News From Terre Haute, Indiana

December 2, 2013

Powerlifter boosts a whole lot of power in a small package

David Hughes
The Tribune-Star

TERRE HAUTE — Brandon Smitley doesn’t tower over many other athletes at 5 feet, 1 inch tall, but he packs plenty of strength and power into his 132-pound frame.

A 2007 graduate of Terre Haute South High School, where he wrestled varsity all four years (reaching the semistate as a senior), Smitley has become intrigued by the sport of powerlifting.

Having enjoyed the benefits of weight training for the past 11 years, the 25-year-old Smitley debuted in a “push-pull” powerlifting meet — consisting of the bench press and deadlift — in the summer of 2012 in Clinton. He won the 148-pound weight class with lifts of 270 pounds in the bench press and 485 pounds in the deadlift.

Not satisfied with those numbers, he trained harder and dieted before entering the 132 class of the Natural Athlete Strength Association (NASA) national championships in Springfield, Ohio, this past June.

Smitley captured the title with a total of 1,207 pounds. Although kilograms were used in this meet, he estimated each of his lifts as about 429 in the squat, 297 in the bench press and 478 in the deadlift. He also successfully pulled a NASA national record of 490 pounds in the deadlift, which didn’t count in the competition but did count as a record.

For his efforts, he was named “Best Overall Lifter” for all of the lightweight divisions (198 and lower).

Armed with a primary sponsorship from Elite FTS, he’s got more tests of strength planned for 2014.

“I’m currently training for the Raw Unity Meet 7 on Feb. 9 at Port St. Lucie, Fla.,” he told the Tribune-Star. “This Raw Unity Meet is unique in that you have to qualify for it and there is no sanctioning body. It’s kinda like the BCS Championship Bowl for ‘raw’ lifters.

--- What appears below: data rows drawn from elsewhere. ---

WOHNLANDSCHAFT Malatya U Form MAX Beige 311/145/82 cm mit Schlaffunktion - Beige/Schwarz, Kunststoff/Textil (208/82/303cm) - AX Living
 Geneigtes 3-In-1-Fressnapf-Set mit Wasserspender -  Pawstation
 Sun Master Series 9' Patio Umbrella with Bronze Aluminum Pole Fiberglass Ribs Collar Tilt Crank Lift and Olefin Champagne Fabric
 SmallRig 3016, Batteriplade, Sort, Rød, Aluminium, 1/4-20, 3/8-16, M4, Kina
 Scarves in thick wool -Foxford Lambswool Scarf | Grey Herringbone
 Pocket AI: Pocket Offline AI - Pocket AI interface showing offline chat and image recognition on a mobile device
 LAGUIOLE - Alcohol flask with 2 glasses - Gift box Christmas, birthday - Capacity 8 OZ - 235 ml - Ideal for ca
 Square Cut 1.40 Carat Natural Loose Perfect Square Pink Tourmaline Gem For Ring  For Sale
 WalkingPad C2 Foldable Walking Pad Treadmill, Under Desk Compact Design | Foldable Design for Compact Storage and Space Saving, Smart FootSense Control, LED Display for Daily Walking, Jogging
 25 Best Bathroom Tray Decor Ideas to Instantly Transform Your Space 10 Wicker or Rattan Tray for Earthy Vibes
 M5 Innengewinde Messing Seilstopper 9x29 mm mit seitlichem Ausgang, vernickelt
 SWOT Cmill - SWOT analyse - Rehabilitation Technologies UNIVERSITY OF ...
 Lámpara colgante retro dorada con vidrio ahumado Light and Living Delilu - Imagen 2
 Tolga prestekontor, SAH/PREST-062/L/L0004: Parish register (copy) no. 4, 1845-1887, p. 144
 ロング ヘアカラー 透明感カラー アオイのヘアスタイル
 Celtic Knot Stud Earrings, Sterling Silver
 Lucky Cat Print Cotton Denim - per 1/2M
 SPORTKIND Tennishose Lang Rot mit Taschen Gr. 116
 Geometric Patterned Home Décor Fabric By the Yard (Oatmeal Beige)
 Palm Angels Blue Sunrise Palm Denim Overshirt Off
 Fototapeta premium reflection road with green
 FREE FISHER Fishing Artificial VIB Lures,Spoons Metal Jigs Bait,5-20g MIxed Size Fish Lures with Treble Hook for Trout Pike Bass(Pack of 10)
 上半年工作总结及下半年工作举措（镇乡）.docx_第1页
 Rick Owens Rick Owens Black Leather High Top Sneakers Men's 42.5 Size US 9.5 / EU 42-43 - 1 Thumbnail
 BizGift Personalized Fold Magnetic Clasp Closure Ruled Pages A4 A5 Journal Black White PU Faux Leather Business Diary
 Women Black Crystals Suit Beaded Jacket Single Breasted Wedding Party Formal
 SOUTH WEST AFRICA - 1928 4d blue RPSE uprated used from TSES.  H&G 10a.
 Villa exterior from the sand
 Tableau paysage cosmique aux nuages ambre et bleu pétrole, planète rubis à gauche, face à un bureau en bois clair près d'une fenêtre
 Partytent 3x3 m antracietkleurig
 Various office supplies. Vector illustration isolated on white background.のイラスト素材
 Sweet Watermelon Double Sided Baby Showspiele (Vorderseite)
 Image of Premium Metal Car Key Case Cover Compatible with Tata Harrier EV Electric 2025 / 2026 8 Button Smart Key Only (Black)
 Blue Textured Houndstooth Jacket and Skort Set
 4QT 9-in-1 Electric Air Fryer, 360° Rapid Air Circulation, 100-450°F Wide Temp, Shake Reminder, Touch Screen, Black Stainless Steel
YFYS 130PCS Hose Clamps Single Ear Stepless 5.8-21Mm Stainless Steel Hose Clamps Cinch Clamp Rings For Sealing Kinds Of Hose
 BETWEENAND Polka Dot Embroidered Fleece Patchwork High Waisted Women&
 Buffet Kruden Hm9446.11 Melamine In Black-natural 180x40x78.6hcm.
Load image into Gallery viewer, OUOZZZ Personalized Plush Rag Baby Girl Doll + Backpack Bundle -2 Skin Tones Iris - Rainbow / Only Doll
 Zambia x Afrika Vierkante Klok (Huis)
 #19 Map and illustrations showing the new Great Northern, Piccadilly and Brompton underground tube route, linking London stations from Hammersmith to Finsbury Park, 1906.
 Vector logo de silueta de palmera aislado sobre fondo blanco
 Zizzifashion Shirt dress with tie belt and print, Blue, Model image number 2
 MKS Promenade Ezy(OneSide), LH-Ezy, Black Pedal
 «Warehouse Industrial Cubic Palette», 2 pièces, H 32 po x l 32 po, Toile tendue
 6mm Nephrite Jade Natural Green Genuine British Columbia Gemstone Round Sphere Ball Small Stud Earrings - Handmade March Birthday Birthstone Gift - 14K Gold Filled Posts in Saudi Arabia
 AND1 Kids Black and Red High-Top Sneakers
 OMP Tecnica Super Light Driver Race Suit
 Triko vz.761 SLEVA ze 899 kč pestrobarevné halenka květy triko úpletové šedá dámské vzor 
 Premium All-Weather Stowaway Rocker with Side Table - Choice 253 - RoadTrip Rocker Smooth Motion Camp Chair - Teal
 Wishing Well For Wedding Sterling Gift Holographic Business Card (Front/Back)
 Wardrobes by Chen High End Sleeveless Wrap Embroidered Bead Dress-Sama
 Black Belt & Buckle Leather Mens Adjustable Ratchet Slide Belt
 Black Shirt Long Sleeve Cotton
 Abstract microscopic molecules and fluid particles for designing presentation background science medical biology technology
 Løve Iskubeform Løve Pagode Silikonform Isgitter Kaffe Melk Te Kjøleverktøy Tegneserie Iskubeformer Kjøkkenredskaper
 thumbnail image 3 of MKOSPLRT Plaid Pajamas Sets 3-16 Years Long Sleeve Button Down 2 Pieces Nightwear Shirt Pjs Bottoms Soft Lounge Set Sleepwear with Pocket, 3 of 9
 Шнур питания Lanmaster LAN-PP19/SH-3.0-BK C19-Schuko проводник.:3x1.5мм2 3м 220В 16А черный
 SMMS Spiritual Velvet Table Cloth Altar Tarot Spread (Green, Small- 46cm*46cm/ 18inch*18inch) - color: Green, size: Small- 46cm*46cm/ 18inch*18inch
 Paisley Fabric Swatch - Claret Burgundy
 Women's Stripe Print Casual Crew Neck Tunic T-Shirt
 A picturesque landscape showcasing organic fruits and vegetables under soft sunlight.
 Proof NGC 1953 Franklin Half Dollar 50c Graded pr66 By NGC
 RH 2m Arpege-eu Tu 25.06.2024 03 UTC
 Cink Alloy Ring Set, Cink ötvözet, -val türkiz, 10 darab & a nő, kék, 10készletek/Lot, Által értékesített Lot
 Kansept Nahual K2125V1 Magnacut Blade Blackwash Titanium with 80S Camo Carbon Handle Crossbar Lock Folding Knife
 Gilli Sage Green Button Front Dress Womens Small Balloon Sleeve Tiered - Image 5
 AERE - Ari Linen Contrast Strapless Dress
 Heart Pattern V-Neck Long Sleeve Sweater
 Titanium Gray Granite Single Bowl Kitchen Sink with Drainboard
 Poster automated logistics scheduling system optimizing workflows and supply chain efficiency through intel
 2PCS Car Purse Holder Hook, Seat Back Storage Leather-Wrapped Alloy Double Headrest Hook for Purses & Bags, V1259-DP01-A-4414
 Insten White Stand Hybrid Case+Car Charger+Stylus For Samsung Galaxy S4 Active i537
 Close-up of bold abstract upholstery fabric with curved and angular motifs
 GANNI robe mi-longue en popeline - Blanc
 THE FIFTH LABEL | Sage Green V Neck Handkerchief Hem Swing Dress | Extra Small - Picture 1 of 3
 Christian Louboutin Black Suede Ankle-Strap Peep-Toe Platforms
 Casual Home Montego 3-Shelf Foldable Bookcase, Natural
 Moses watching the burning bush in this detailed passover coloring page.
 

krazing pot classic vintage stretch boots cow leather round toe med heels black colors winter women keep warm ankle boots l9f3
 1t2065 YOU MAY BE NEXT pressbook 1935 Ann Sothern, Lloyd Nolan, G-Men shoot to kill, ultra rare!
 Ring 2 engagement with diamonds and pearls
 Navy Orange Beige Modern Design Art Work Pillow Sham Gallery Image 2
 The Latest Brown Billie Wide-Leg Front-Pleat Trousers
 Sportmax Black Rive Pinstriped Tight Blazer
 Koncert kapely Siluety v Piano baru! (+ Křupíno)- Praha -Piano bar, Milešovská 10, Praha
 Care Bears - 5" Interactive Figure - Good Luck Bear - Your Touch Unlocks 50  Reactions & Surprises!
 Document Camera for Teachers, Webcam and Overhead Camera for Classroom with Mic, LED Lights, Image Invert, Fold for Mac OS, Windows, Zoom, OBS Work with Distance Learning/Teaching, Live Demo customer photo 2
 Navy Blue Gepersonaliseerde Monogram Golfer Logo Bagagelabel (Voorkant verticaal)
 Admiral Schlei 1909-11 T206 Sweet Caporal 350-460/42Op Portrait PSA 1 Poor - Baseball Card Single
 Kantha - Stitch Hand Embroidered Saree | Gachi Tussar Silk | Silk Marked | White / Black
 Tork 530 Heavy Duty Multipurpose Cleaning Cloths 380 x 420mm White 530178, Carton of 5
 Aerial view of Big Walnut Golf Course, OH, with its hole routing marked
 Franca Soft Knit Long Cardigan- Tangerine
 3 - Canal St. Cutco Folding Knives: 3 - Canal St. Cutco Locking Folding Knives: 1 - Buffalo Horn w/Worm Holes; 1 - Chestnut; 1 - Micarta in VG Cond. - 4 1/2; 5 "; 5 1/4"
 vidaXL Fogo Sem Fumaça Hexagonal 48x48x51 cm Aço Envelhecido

“At Raw Unity, I’d like to get 10 times my bodyweight, which would be a 1,320 total.”

For those unfamiliar with the term ‘raw,’ it means lifting without the aid of special attire such as knee wraps, wrist wraps or tight-fitting body suits.

Looking beyond 2014, Smitley does not envision himself quitting the sport of powerlifting anytime soon.

“My progress has been very measurable,” he said, explaining the difference in powerlifting and bodybuilding. “You either get the lift or you don’t.

“When a lot of people work out, they think about being bodybuilders and I won Mr. ISU [Indiana State University] and Mr. Wabash Valley [both bodybuilding contests] in March 2011. But I think I’m built more efficiently for powerlifting. As for dieting, I still cut weight. But there’s not the whole offseason where you have to watch what you eat all the time.”

A 2011 graduate of Purdue, where earned a bachelor’s degree in health and fitness, he’s currently studying physical education and coaching with an emphasis on strength and conditioning at ISU.

When not busy with academic responsibilities, he doesn’t train at any of Terre Haute’s fine fitness centers (no free plugs here). Instead, he trains in his garage on the south side of Terre Haute.

Primitive? Maybe.

Effective for him? Definitely.

“I’ve got a rack [in the garage],” Smitley mentioned. “I’ve got dumbbells. I’ve got plates. I’ve got two Olympic bars. No machines, just specialty bars. I don’t think I’m missing out on anything by not being a member of a gym. I can blare music [usually hard rock] here and have the atmosphere that I want.”

Smitley’s favorite of the three powerlifts is the squat, where you do a deep-knee bend with a loaded barbell across the back of your shoulders.

“I feel like it’s something you can’t naturally be good at,” he explained, adding that you have to work at squats to be good at them.

Reflecting back on his days at South, he chuckled because he admits it didn’t hit him that he would like to compete in any form of weightlifting someday.

“I was lifting serious at South for wrestling and I saw what it did for me [as a wrestler],” he said.

Smitley said he’s ranked No. 2 in the nation in the 132 class — behind the current world-record holder from Mississippi — by powerliftingwatch.com, which takes into account all existing federations.